For instance, more recently we’ve seen investors strive to enhance the risk/return profile of their portfolio by improving capital efficiency. Unfortunately, these efforts are often hindered by agency risk; investment staff may avoid a higher-volatility opportunity or a new portfolio structure that may have been most appropriate, doing so because of concerns that their career may not withstand the associated ebbs and flows of performance.

Investment programs that are willing to have an active and honest dialogue about appropriate governance and incentive structures can benefit from an enhanced ability to be dynamic in decisionmaking, make better use of their finite resources, maximize the impact of portfolio construction, better leverage their partnerships and, ultimately, create a better outcome for their beneficiaries.

CIO: What issues do you expect to dominate financial decisionmaking and the economy in the next 18 months to three years?
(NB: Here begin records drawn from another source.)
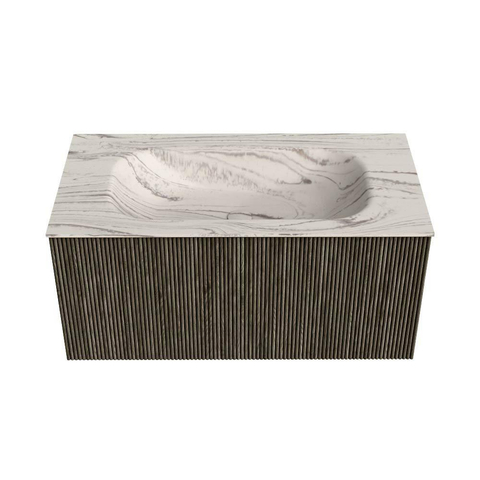 MONDIAZ KURVE-DLUX Meuble de salle de bains 90cm couleur Shadow avec 1 tiroir et 0 porte. Plan-vasque BIG SMALL Central sans trou de robinet Nata. SW1432277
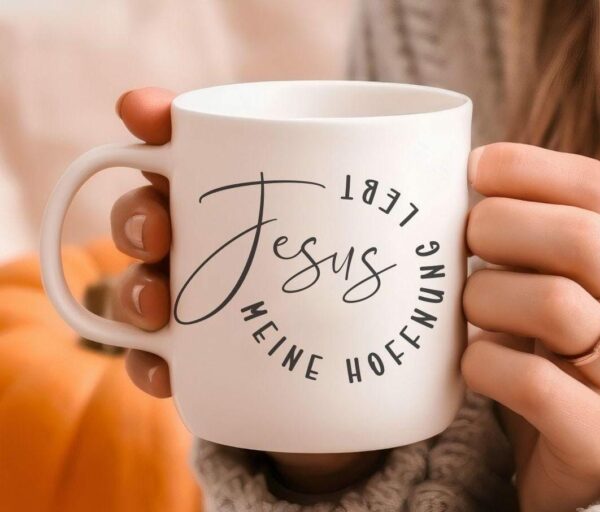 Weiße Tasse Jesus meine Hoffnung lebt christliches Motiv Keramiktasse Geschenk Kaffee Tee Tasse christlich – Bild 3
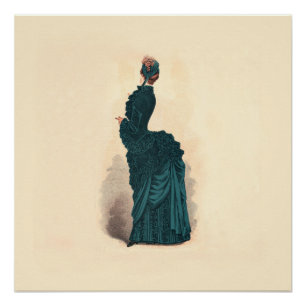 Antique Victorian Fashion Plate: Teal Bustle Dress Poster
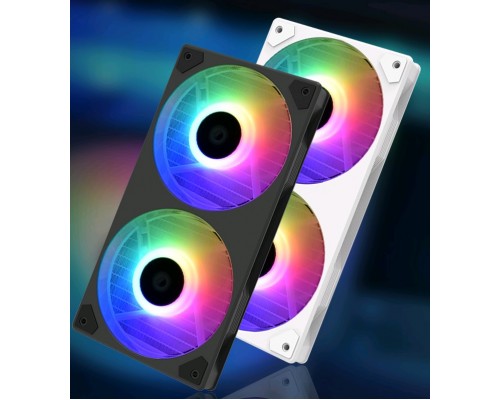 Вентилятор ID-COOLING ICEFAN 240 ARGB 2*120x120x25мм (16шт./кор, PWM, DUAL FAN, Low Noise, резиновые углы, Addresable RGB, 900-2000об/мин)  BOX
McCulloch: With several dozen machine learning models in production and AI assistance integrated into our business processes, artificial intelligence continues to be a game-changer for the industry.

Among other competing issues, I believe the downstream effects of this higher-rate environment are also tremendously impactful. Increased pressure from financing costs, the rise of private credit and the misalignment in fee structures have come to the fore.

Regarding the misalignment in fee structures, higher rates have made it even more important for investors to ensure that their terms encourage managers to take sufficient risk, not to collect fees on the risk-free rate. As it stands, the lack of any kind of risk-free rate hurdle in most fee structures causes [roughly] an additional 100-bps fee drag per annum—clearly indefensible. To date, investors have typically acted alone when negotiating and have struggled to engage GPs around this issue. We believe presenting a unified voice empowers all investors when raising this issue with managers, and so we championed an open letter supporting the adoption of hurdles. The Open Letter on Cash Hurdles has been signed by more than 50 organizations representing hundreds of billions of investor alternatives capital. We will continue to push for better alignment.

CIO: What changes are you making to your asset allocation advice, given the current state of monetary policy, geopolitics and the impact of inflation and rising interest rates?

McCulloch: Active alternative strategies—both public and private—are more important than ever, as we face inflated valuations, changes in monetary policy and heightened geopolitical risk. We continue emphasizing the benefits of diversification and a total portfolio approach that considers liquidity, drawdown and other measures beyond just risk and return.

Private equity, despite the current phase of lower distributions and increased capital calls, is expected to continue to be a core return driver within institutional portfolios. This general lack of liquidity from established private equity programs has supported demand for more liquid private credit strategies, given their yield characteristics and higher return expectations. Meanwhile, infrastructure and other areas of real assets maintain some appeal due to their inflation sensitivity and opportunities within the broad energy transition theme, including decarbonization, digital infrastructure and increased power demand.

Arbitrage-focused relative value strategies and variable exposure global macro strategies remain attractive in asset allocation frameworks because of their diversification potential, with a preference for implementations that offer better capital efficiency. On the return-seeking side, we’ve seen more investors try to lower tracking error versus policy benchmarks by incorporating higher market exposure versions of existing equity long/short offerings within wider portfolios.